Bölüm 10

4.3K 247 21
                                    

Bu konuşmanın ardından ayağa kalkıp teşekkür ettim ve parktan ayrıldım ama doktor arkamdan bağırdı. "Hey, ııı... Bu özelliğinden kimseye bahsetmemen senin için en iyisi olacaktır. Devlet ajanları gerçek kimliklerini gizlerler. Kimin olduğunu bilemezsin."

Ben yine de kendimi tutamamıştım tabi ki de. Akşama doğru Jesse evime geldi. Birlikte maçı izliyorduk. Bana kumandayı uzatır mısın demişti, kumanda da uzanamayacağım bir mesafede sehpadaydı. Elimi uzatıp uzanmaya çalıştım. Ve kumanda elime geldi. 

Jesse ilk başta şaşkın bir ifadeyle "Bu bir tür sihirbazlık numarası falan mıydı yoksa örümcek adam mı oldun?" diye sordu.

Ona donuk bir suratla bakıp "Hayır, ben Gandalf'ım." dedim. İkimiz de güldük ama Jesse hala tam olarak ne olduğunu bilmek istiyordu. Yalan söylemeliydim. 

Ona şöyle dedim: "İyi bir sihirbaz sırlarını kimseye açıklamaz. Ama artık sihir-büyü gibi bir şey olmadığını bilecek kadar büyüdün değil mi?"
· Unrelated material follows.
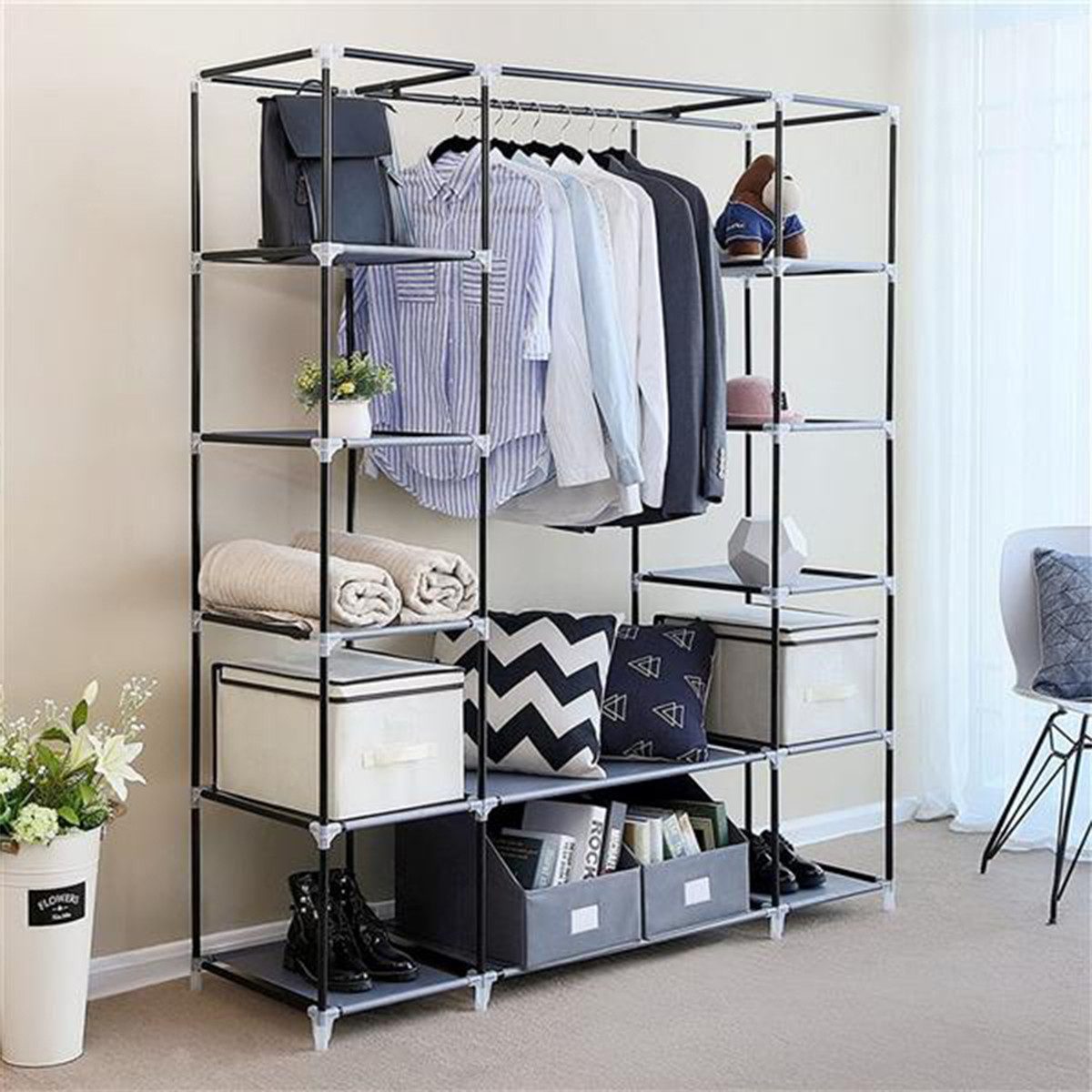 XDeer Kleiderschrank Portable Kleiderschrank mit Non-Woven-Gewebe günstig online kaufen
"Tabi ki de büyü diye bir şey olmadığını biliyorum Tom." dedi bana gülerek. 

Gözlerimi kısarak "Peki ya varsa?" dedim, gülmemek için kendimi zor tuttum. Ama bunların hepsi Jesse'nin olayı unutması içindi. Bir daha da böyle bir şey yapmayacaktım zaten.
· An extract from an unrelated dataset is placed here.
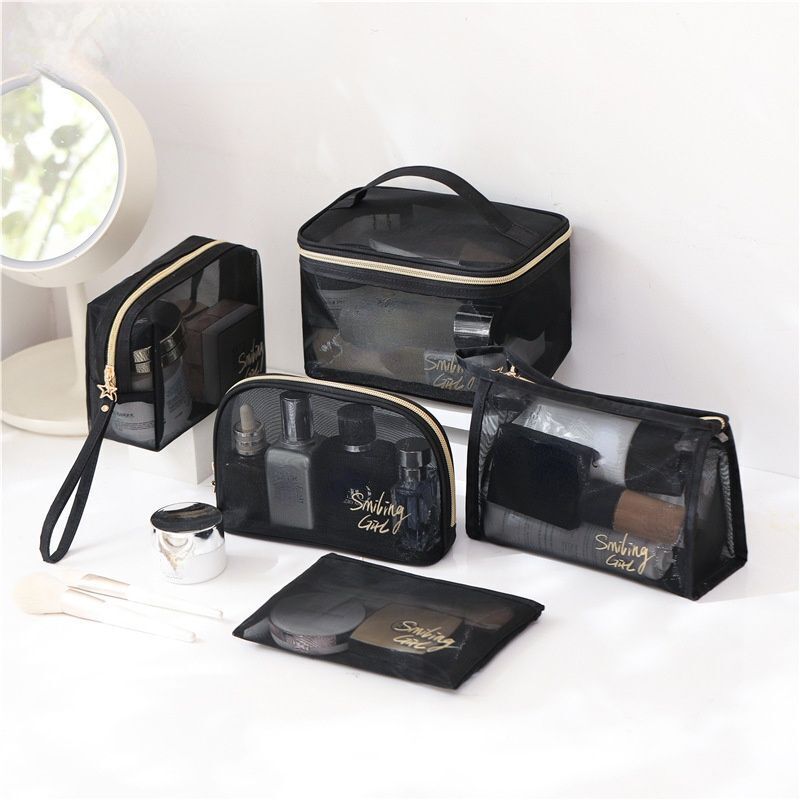 Mesh Cosmetic Bag Makeup Black Zipper Pouch Traveling Storage Toiletry Bags 1 PC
Gerçi o kumandanın elime gelmesini istememiştim, elimi uzattığımda kendi kendine gelmişti. Yani bu demek oluyor ki toplum içinde bunu kontrol altına almanın bir yolunu bulmalıyım. Ardından aklıma bir fikir geldi. 
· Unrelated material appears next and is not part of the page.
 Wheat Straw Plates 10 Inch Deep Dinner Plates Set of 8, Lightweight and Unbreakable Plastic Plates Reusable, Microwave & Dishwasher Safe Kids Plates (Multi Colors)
Kışın kullandığım eldivenlerim hala dolabımda duruyordu. Jesse gittikten sonra onları giyip bir deney yaptım. Eldivenleri giyip elimi kumandaya uzattım. Kumanda elime gelmedi. Demek ki çıplak bir el, benim için kontrolsüz bir eldi. Ama yaz ayında da eldivenle gezemezdim ya?

Doktoru aradım.

"Bunu kontrol etmenin bir yolu yok mu?"

"Var." diye cevap verdi. "Bir nesne düşün. Elini uzat, ama ona odaklanma. Odaklanmadığın sürece beynin o nesneyle irtibata geçmez. Ama yine de eldiven kullanmak en garanti yolu. Başka bir yolu var mı bilemiyorum."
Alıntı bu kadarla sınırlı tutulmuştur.